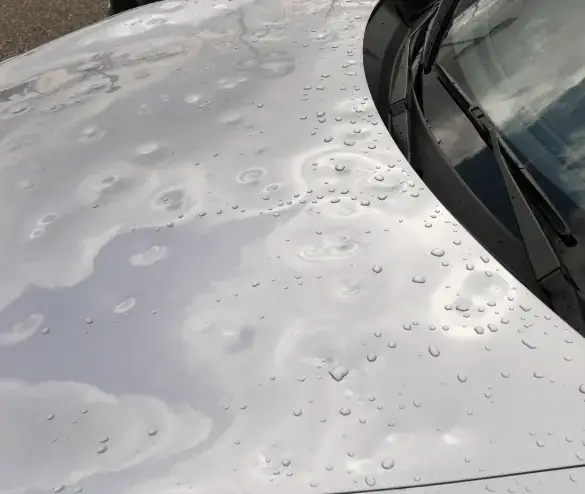 Hail Damage Repair Josephine TX example showing a silver car hood covered in hail dents and water droplets before repair
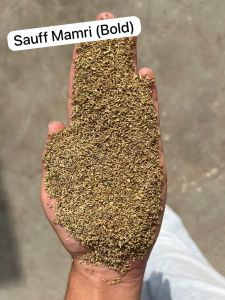 Sauf Mamri
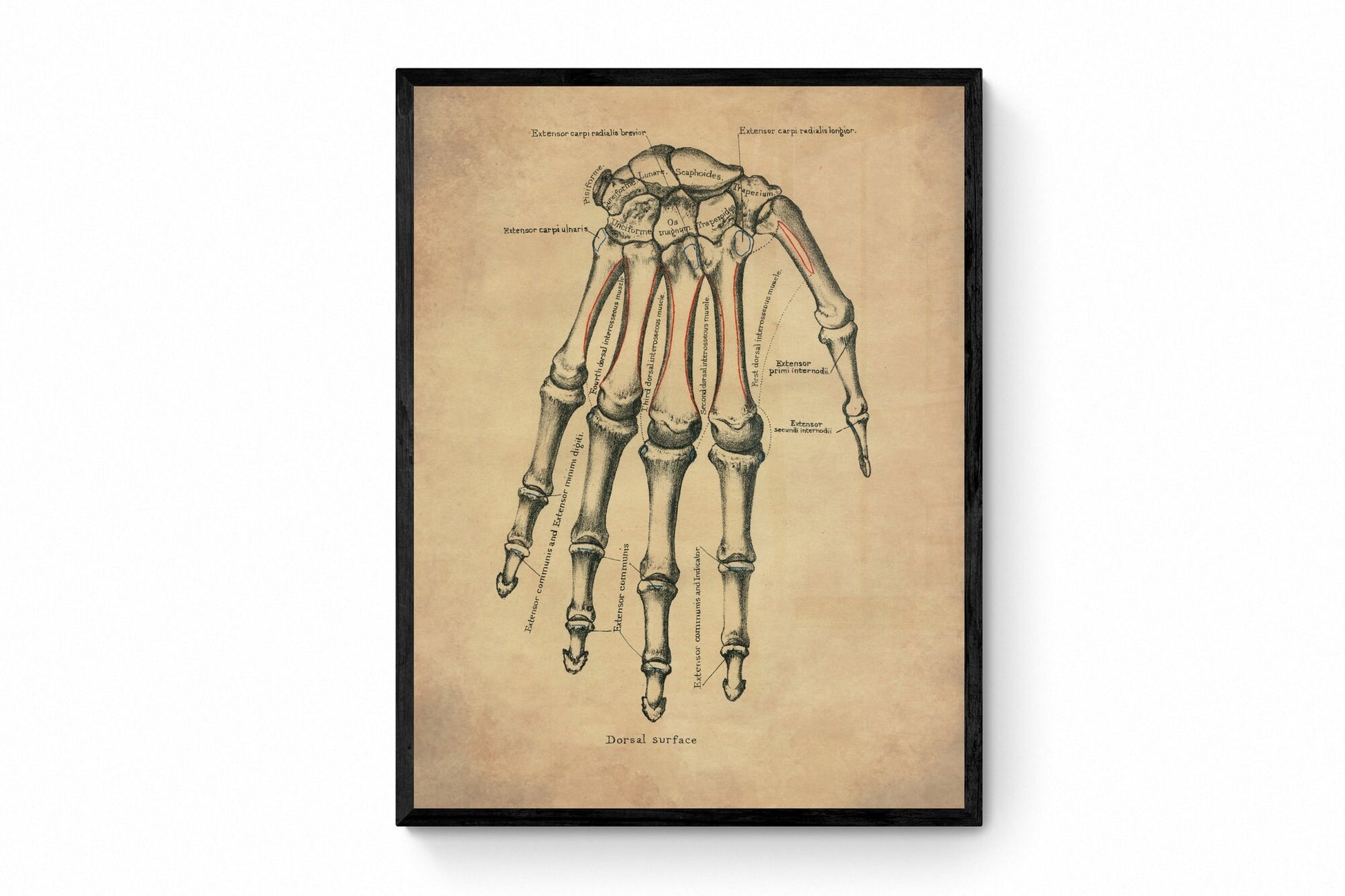 Hand Bones Print - Osteology - Antique Reproduction - Science - Anatomy - Medical Decor - Skeleton - Available Framed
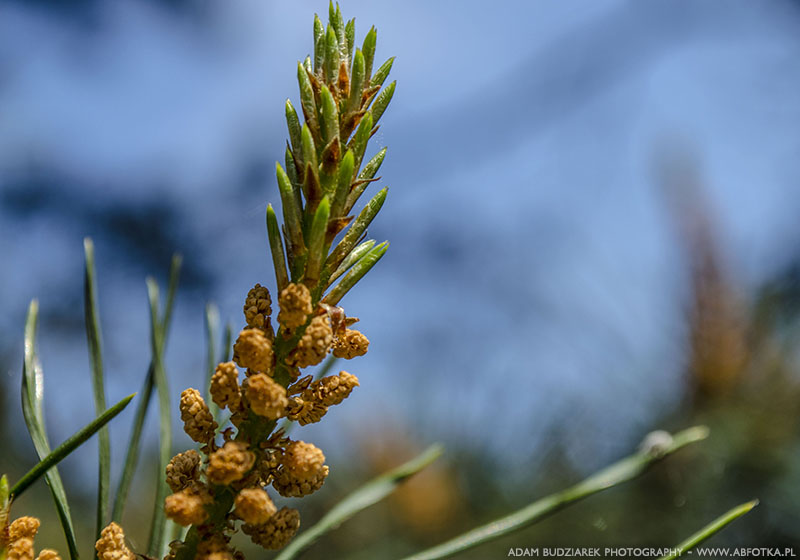 Nature blooms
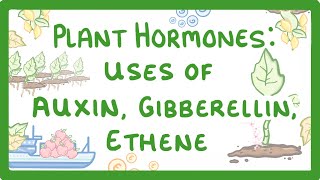 GCSE Biology  Plant Hormones  Uses of Auxin Gibberellin and Ethene 53 [upl. by Oilicec282]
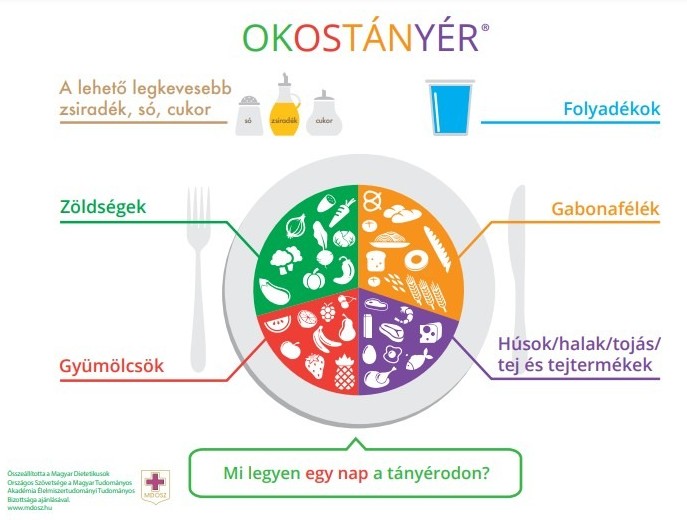 Okostányér 1.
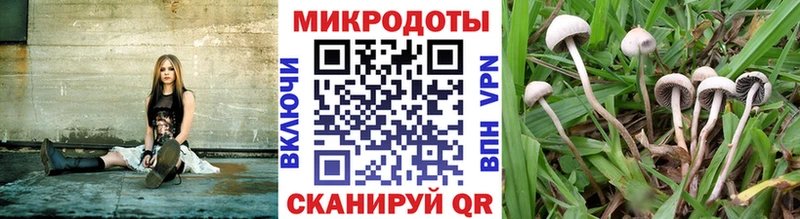 Псилоцибиновые грибы Psilocybine cubensis  цены   Жуков 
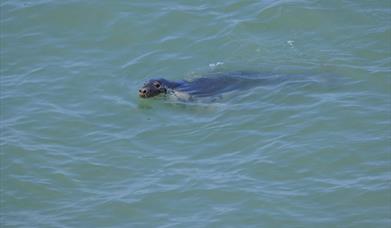 A grey seal swimming off Sarn Cynfelyn on the Ceredigion coast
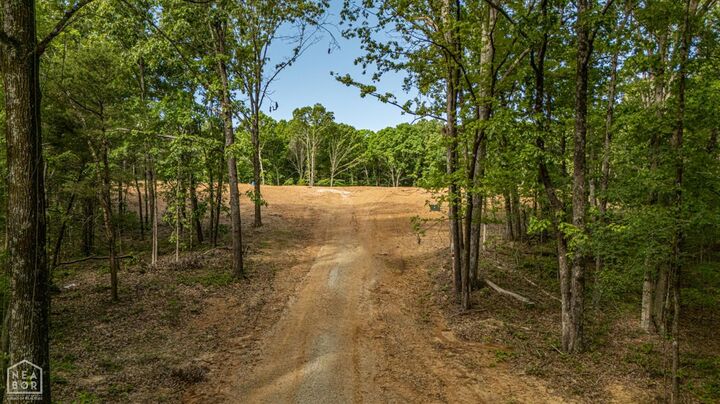Property Photo:  435 County Road 757  AR 72405 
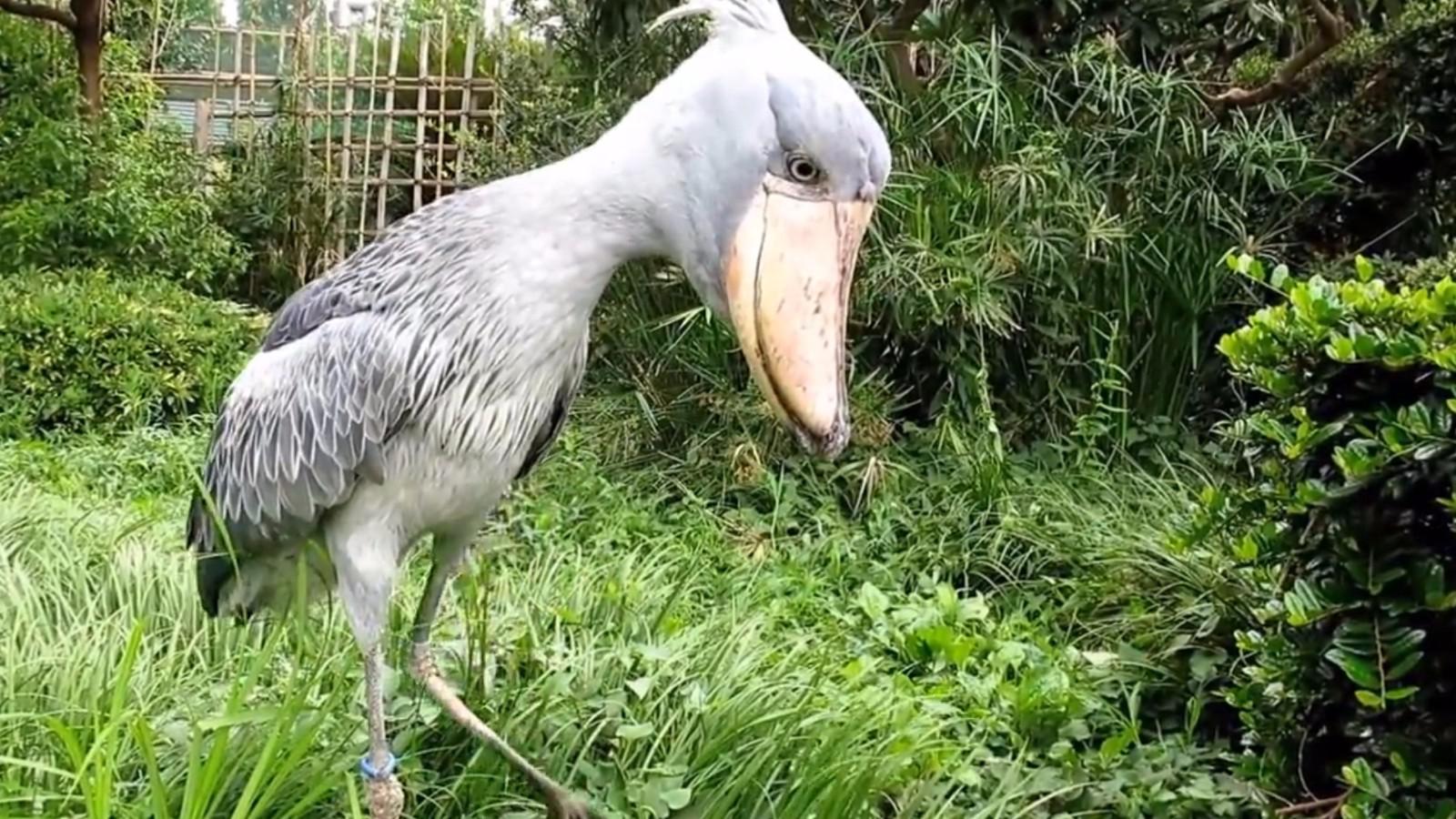 世界上头最大的鸟,号称鳄鱼的天敌,遇见人却行鞠躬大礼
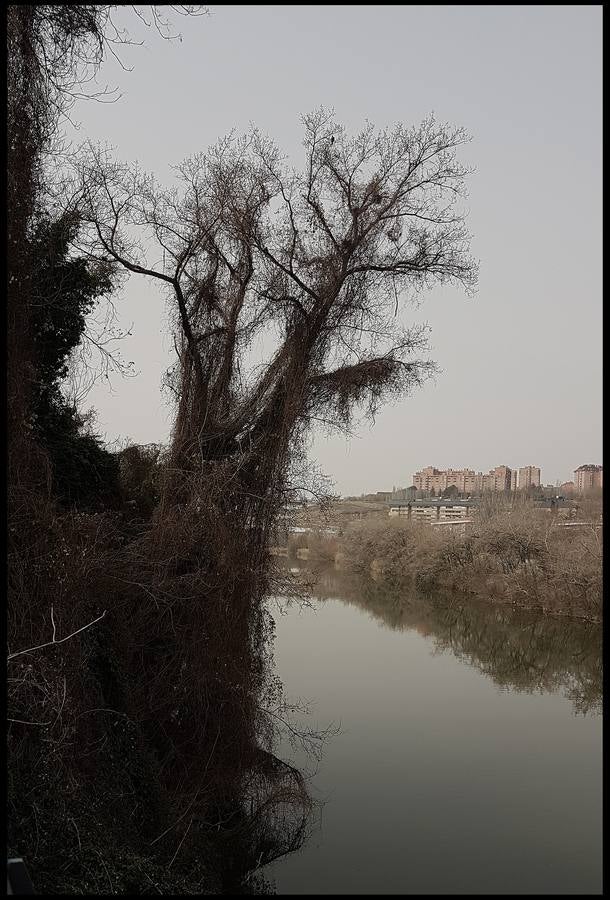 El otro Valladolid (VIII): un paseo por la ribera del Pisuerga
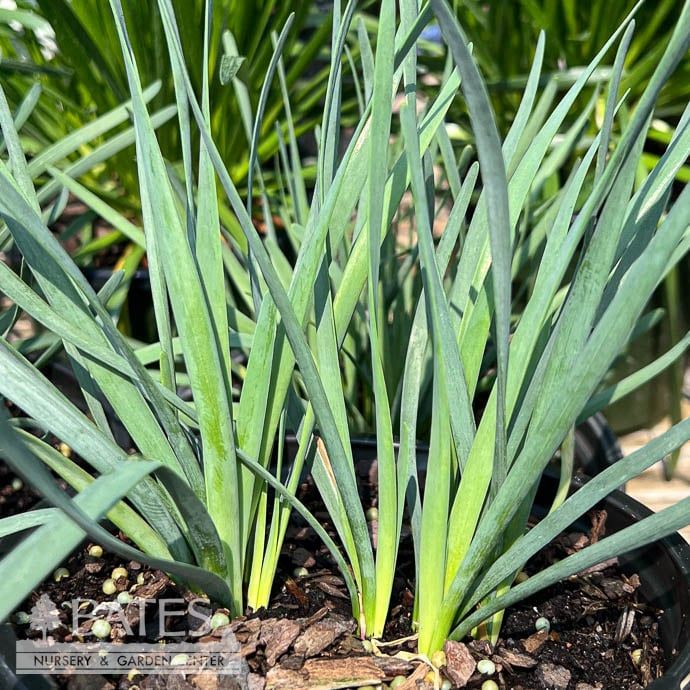 #1 Allium New Moon/ Flowering Onion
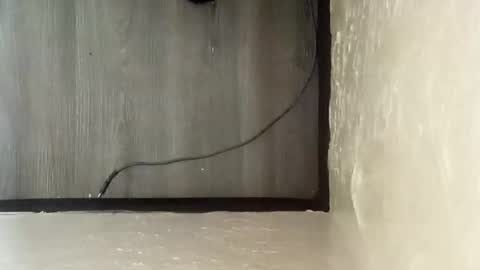 Snapshot of pantieplaytime52532 chatting on 12.25.24 pantieplaytime52532 online show from 12.25.24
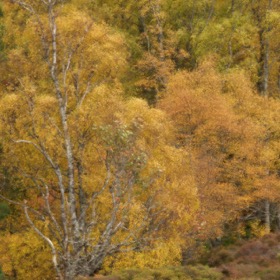 Autumn colours (double exposure)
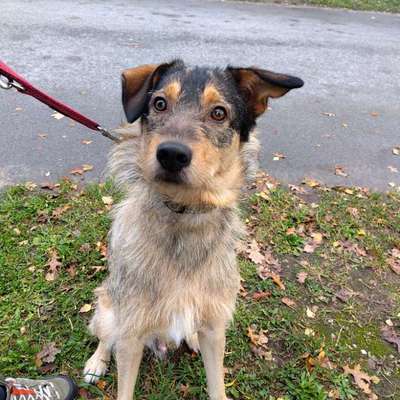 Hundetreffen-Hundekumpel mit Garten gesucht-Bild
═══
● **Task description**
Omit the pictures and restate the rest of the records verbatim.

● **Answer space**
 Hail Damage Repair Josephine TX example showing a silver car hood covered in hail dents and water droplets before repair
 Sauf Mamri
 Hand Bones Print - Osteology - Antique Reproduction - Science - Anatomy - Medical Decor - Skeleton - Available Framed
 Nature blooms
 GCSE Biology  Plant Hormones  Uses of Auxin Gibberellin and Ethene 53 [upl. by Oilicec282]
 Okostányér 1.
 Псилоцибиновые грибы Psilocybine cubensis  цены   Жуков 
 A grey seal swimming off Sarn Cynfelyn on the Ceredigion coast
Property Photo:  435 County Road 757  AR 72405 
 世界上头最大的鸟,号称鳄鱼的天敌,遇见人却行鞠躬大礼
 El otro Valladolid (VIII): un paseo por la ribera del Pisuerga
 #1 Allium New Moon/ Flowering Onion
 Snapshot of pantieplaytime52532 chatting on 12.25.24 pantieplaytime52532 online show from 12.25.24
 Autumn colours (double exposure)
 Hundetreffen-Hundekumpel mit Garten gesucht-Bild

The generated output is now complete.